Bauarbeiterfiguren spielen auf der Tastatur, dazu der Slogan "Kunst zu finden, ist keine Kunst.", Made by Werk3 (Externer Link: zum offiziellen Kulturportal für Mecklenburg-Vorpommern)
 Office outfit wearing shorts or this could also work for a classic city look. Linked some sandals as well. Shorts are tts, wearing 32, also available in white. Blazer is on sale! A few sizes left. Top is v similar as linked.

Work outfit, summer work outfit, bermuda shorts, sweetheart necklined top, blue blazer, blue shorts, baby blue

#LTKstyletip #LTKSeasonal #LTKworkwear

--

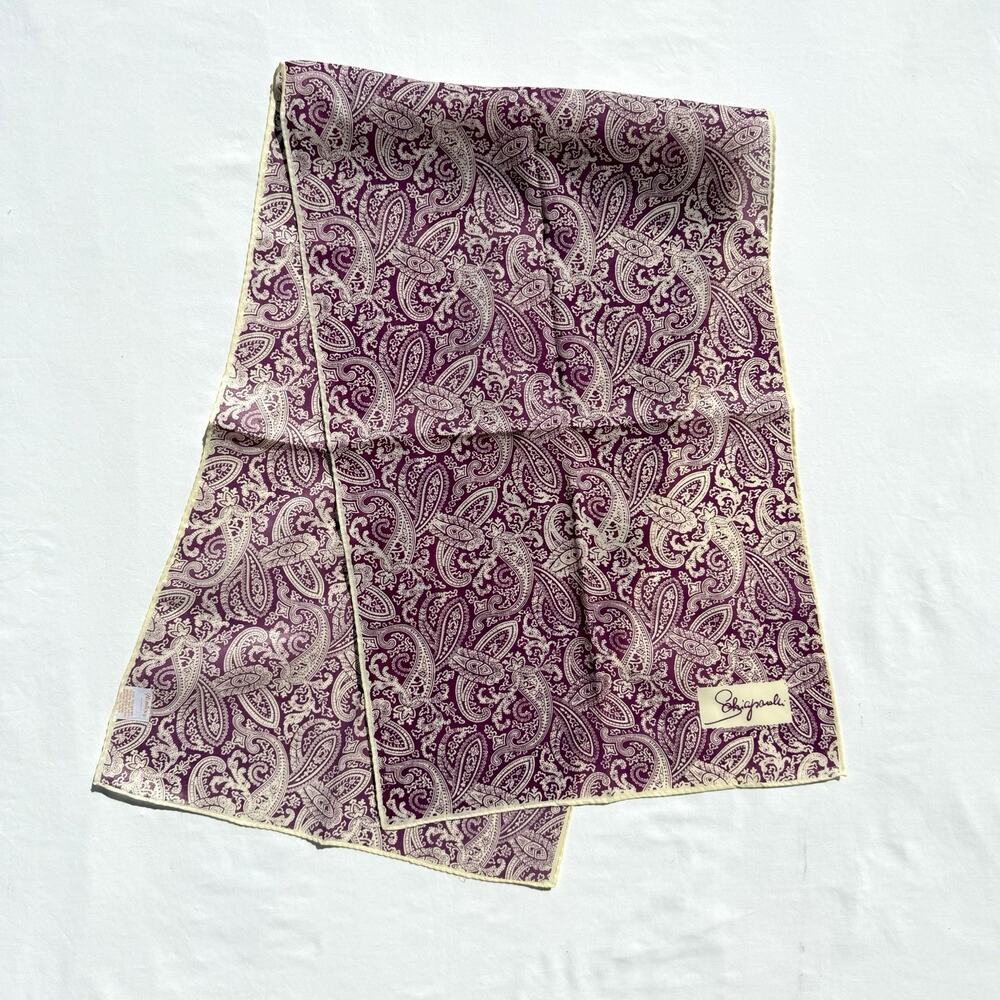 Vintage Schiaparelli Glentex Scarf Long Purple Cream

> Required work: Begin with the line above that has "Work outfit, summer" and continue through the line that has "#LTKstyletip #LTKSeasonal #LTKworkwear", setting each one down exactly. Stop there.

> Answer box:
Work outfit, summer work outfit, bermuda shorts, sweetheart necklined top, blue blazer, blue shorts, baby blue

#LTKstyletip #LTKSeasonal #LTKworkwear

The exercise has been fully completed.